Lloyd on our baby tractor, moving in trees one at a time back in 2014
The start of the summer gardens, when we were all a decade younger. You can see the peg in the ground – they were working to string lines to get the spacings even and straight.

So it was Mark’s vision and his and Lloyd’s hard work that saw large plants going into the new ground in the spring of 2014 and autumn of 2015. We already had the plants growing in a field on our property across the road. They were our original stock plants from when we first released Fairy Magnolia White and they were trained to a strong central leader or trunk. It was no mean feat digging them and getting them across the road and planted but Mark and Lloyd were 10 years younger then. As an aside of useful advice, as soon as they were planted, Mark removed about a third of the foliage, which seemed brutal at the time but was all about reducing the stress on the plants after transplanting.

This is what it looked like a month ago when Fairy Magnolia White was in bloom

In the years since, they have been trimmed once a year – as flowering finishes – to get them to the form we want but it was when our gardener, Zach, joined us that it all started to come together. This must be the third or maybe fourth year that Zach has trimmed them and he has it just right now. As garden tasks go, it is not a massive job – I think it only took him just over two days – and the heaviest part is managing the ladders, which are large. But it is a skilled, precise job. It is all secateur and handsaw work – not hedge clippers.

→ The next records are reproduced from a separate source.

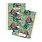 Repertoire Adresses 96 Pages 14.8 X 10.5 Cm - Pattern Chat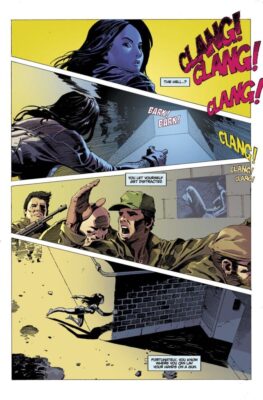 Gun Honey #1, preview 5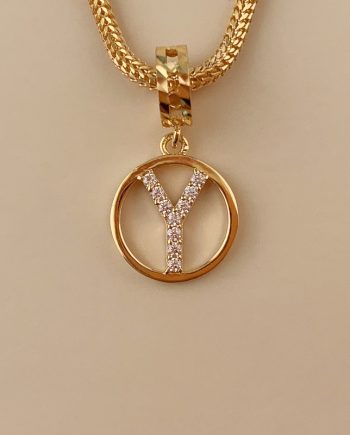 CHARM HURUF Y MINIMALIS + BATU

Squared off to be narrow in width, as viewed from one end of a row

It will look sharper when the hedge of Camellia Fairy Blush beneath also gets its big trim this week and the gap between that hedge and the pleached michelias above is fully defined. I was impatient to record my delight with the clearly defined, more-or-less two dimensional appearance (height and length but little width).  

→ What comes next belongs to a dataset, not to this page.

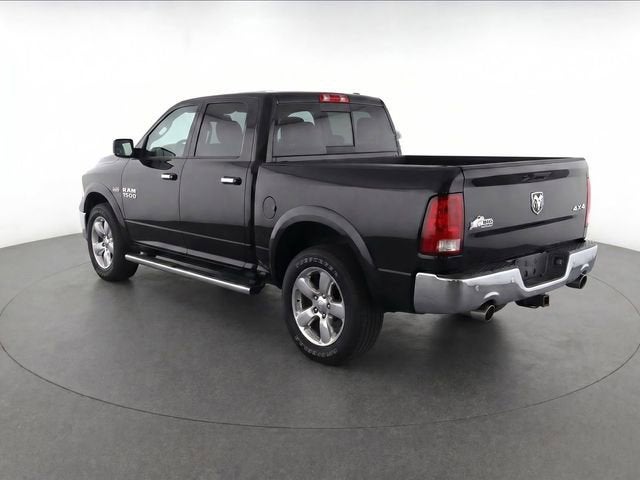 2018 RAM 1500 Big Horn Crew Cab 4x4 5'7" Box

We have three archways of Podocarpus parlatorei. This front one still needs to thicken in the middle but it is getting there.

Credit to Zach, too, for creating the archways of Podocarpus parlatorei in the same garden. Mark had always planned either arches or gables – to echo the gables on the house. Realistically, had it been left to us, I am guessing we would probably have taken the easier route and just trimmed to tight columns but Zach has trained them over to be arches and they have almost filled out to final thickness. They are tied in, in case you are wondering how he did it. The key is getting it tied in when the new growth is soft enough to bend. When it has hardened, it will break. The podocarps are trimmed annually but he has kept the arch tied and trimmed every few months. Again, getting the ladder into place is the most onerous part of this task. Mark, Lloyd and I are all getting a bit old to be carting the largest ladders and working at height. This is just yet another reason why I appreciate younger generations.

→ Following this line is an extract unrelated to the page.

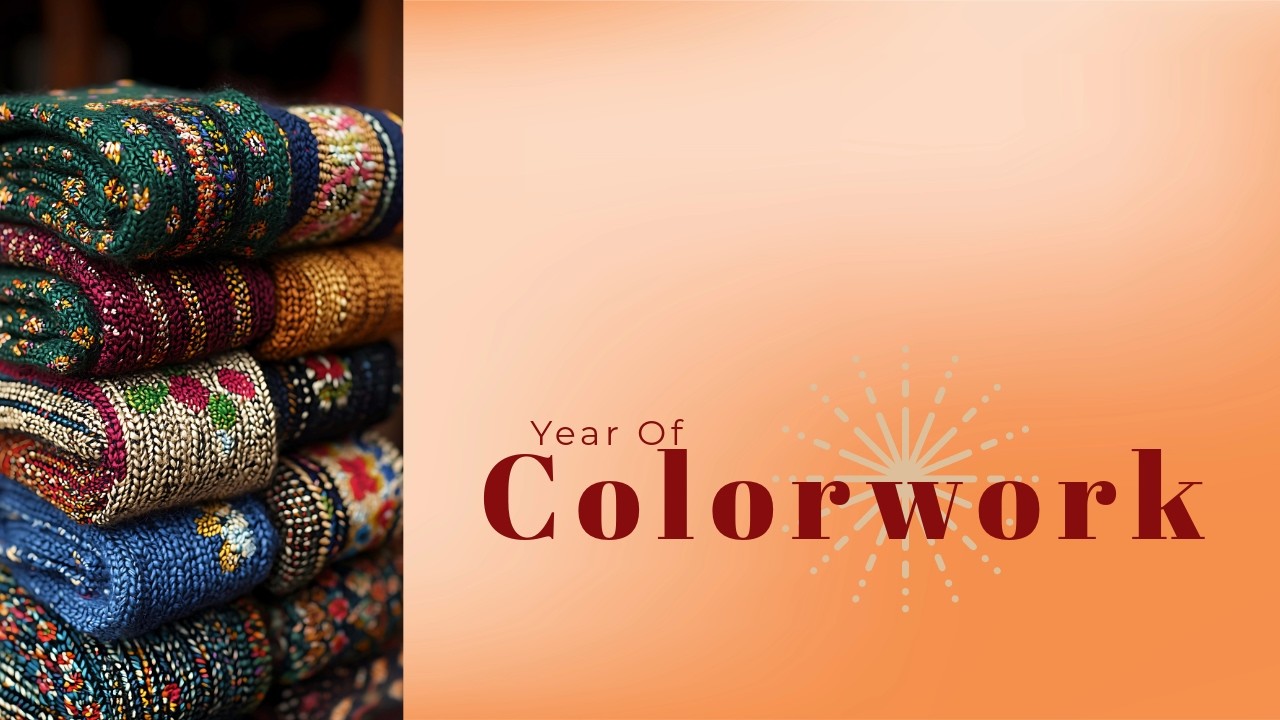 2026: Год цветового творчества - Квадратная книга «Сера»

Time, too, has seen our clivia plantings go from strength to strength and they are certainly starring this spring. You can have too many clivias in a garden; the orange and red ones are very strident. I am not a fan of mass plantings of clivia but we have integrated them amongst other plants in shady areas and they glow. Ours are almost all seedlings raised here from controlled crosses. This means that Mark has taken the pollen from ones he thinks are good and used the pollen on other selected specimens, marked the pollinated flowers and gathered the ripened seed to sow in nursery conditions. It is quite a bit of faffing about but increases the likelihood of getting superior seedlings rather than leaving it all to Nature. We now have so many that we just weed out seedlings and thinnings.

Mixed colours and mixed plantings are our style, not blocks of single coloured clivias

The reason why clivias are usually expensive to buy is that they are slow growing. It takes much longer than most common perennials to get them large enough to set flowers and sell in garden centres – years more, in fact.

Gardening really is about the longer game but it is particularly rewarding when you see visions realised and areas that get better as plants mature.  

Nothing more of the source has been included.